◆ **Input data**
======

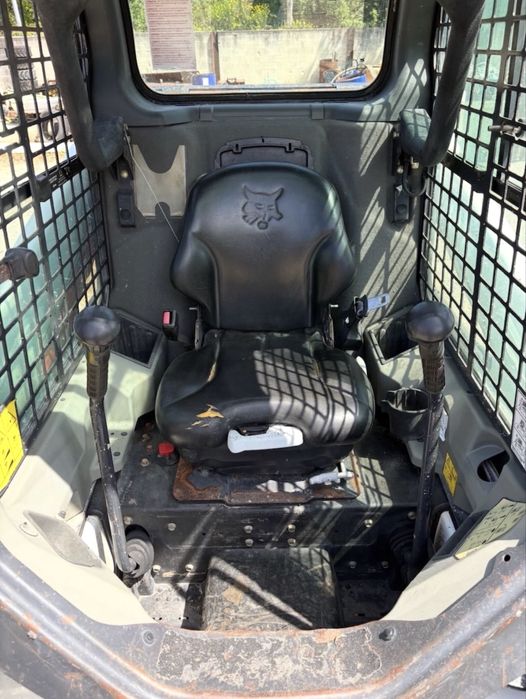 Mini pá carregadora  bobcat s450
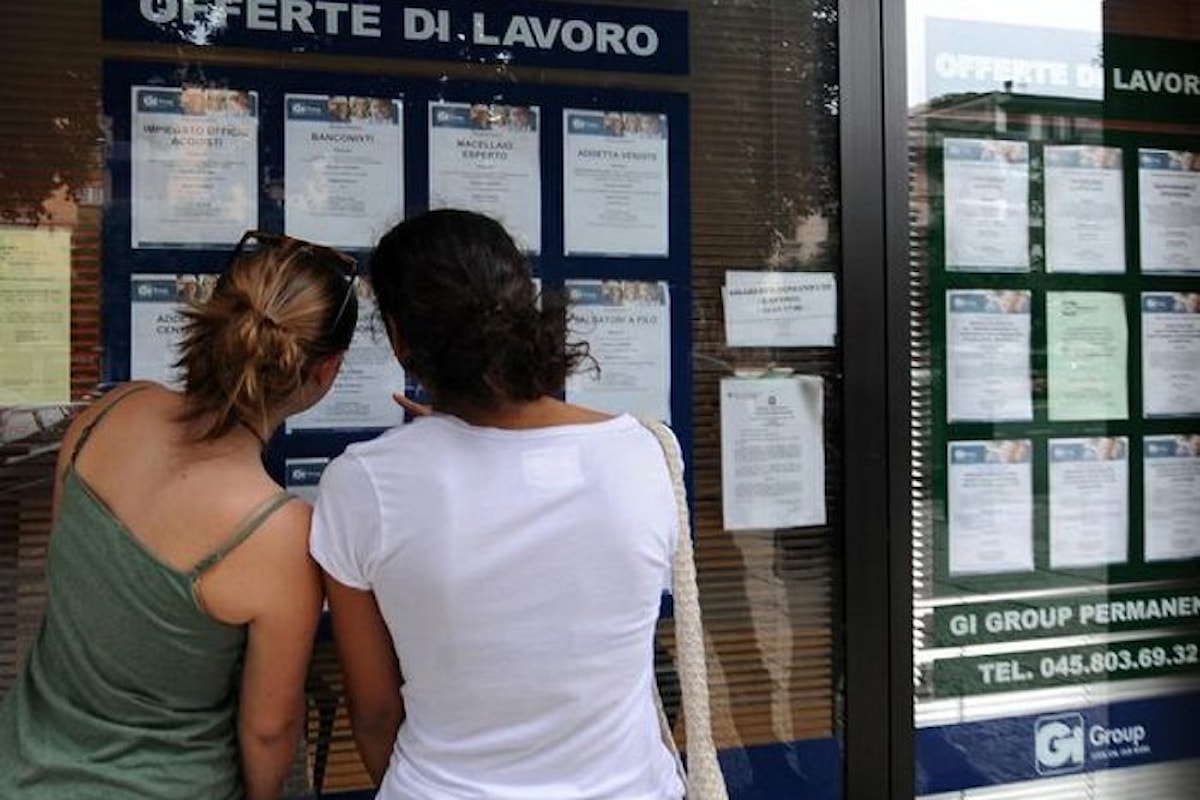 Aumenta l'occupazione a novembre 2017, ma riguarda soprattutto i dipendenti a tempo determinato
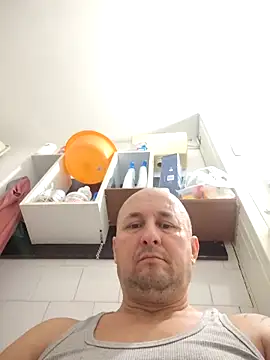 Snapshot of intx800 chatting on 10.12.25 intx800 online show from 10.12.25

======

◆ **Problem**
From the line with "Aumenta l'occupazione a" to the last line above, restate each line word for word, but skip the pictures.

◆ **Task result**
 Aumenta l'occupazione a novembre 2017, ma riguarda soprattutto i dipendenti a tempo determinato
 Snapshot of intx800 chatting on 10.12.25 intx800 online show from 10.12.25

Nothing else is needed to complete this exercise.